Lettera Circolare in occasione del 300° anno della canonizzazione di San Felice da Cantalice (1515-1587)

Prot. N. 00289/12

Carissimi Fratelli,

Il 22 maggio 1712 papa Clemente XI innalzava agli onori degli altari iscrivendolo nell’albo dei Santi fra Felice da Cantalice. A trecento anni di distanza, in comunione con i fratelli della Provincia Romana, vogliamo ricordare la figura di questo Confratello, il primo santo del nostro Ordine.

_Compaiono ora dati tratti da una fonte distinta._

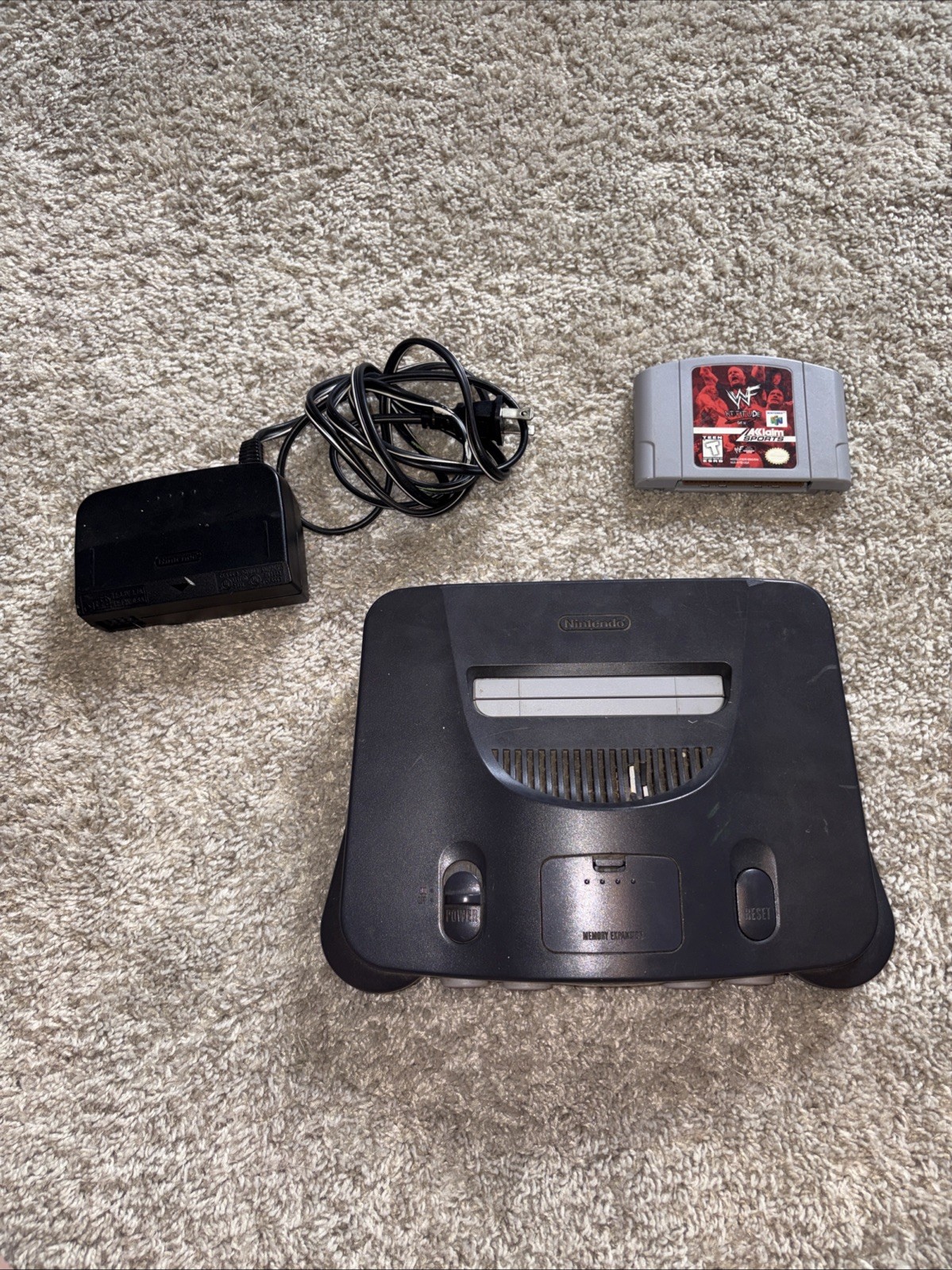 Nintendo 64 Home Console Tested / OEM power Cord And WWF Attitude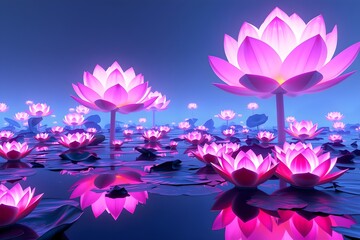 Glowing Lotus Lake – Tranquil lake with floating neon lotus flowers casting dreamy reflections. 3d render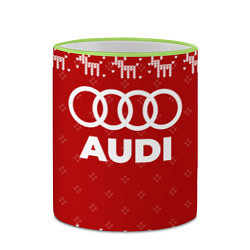 Кружка 3D Новогодний Audi с оленями, цвет: 3D-светло-зеленый кант — фото 2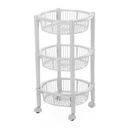 Organizador de plástico, 3 canastos, con ruedas, BLANCO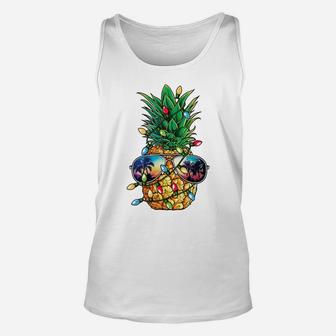 Pineapple Christmas Tree Lights Xmas Men Gifts Sunglasses Sweatshirt Unisex Tank Top | Crazezy AU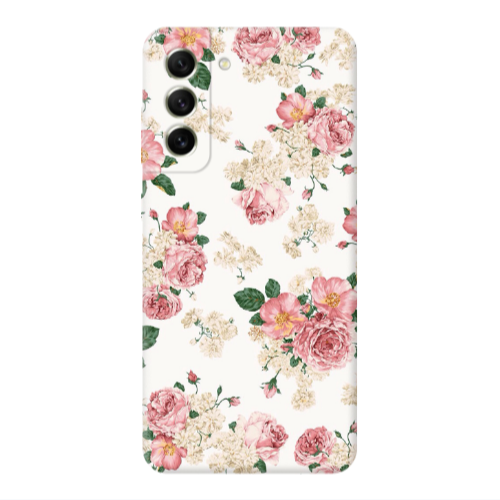 Samsung S21 FE Pink Flowers 2 Transparent Silicone TPU Θήκη
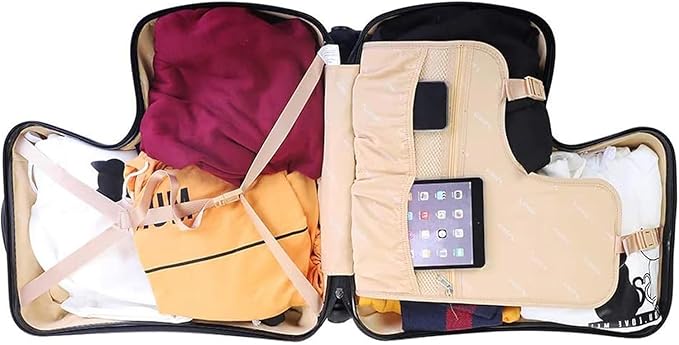 20" Kids Ride on Suitcase,Childrens Ride on Luggage with Safety Belt,Trolley Suitcase with Silent Wheel Combination Lock,Suitable for Kids Aged 1-8 Years Old (Blue)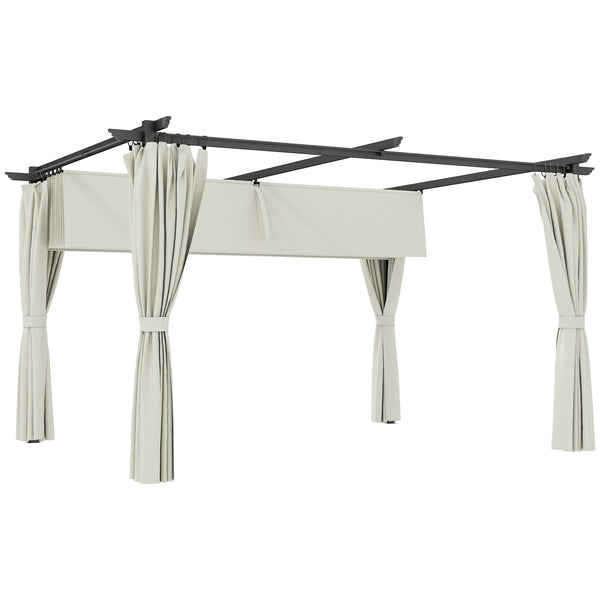 Pergola jardin exterieur 3 x 4 m pergola coulissante rétractable avec parois latérales, tonnelle de jardin, polyester haute densité 180g/m², abri soleil UPF30+, pour terrasse, patio, crème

L’anno tricentenario coincide con l’anno dell’84° Capitolo generale diventando così occasione privilegiata per richiamare le radici della nostra storia e aprirci ad accogliere lo Spirito per essere memoria vivente della presenza di Cristo nel mondo.

Inclinate l’orecchio del cuore ed obbedite alla voce del Figlio di Dio.

Custodite nelle profondità di tutto il vostro cuore i suoi precetti

e adempite perfettamente i suoi consigli.

San Francesco d’Assisi, Lettera al Capitolo generale e a tutti i frati (FF, 216).

I. Breve profilo biografico di fra Felice

1. Anni difficili per un Ordine nato da poco.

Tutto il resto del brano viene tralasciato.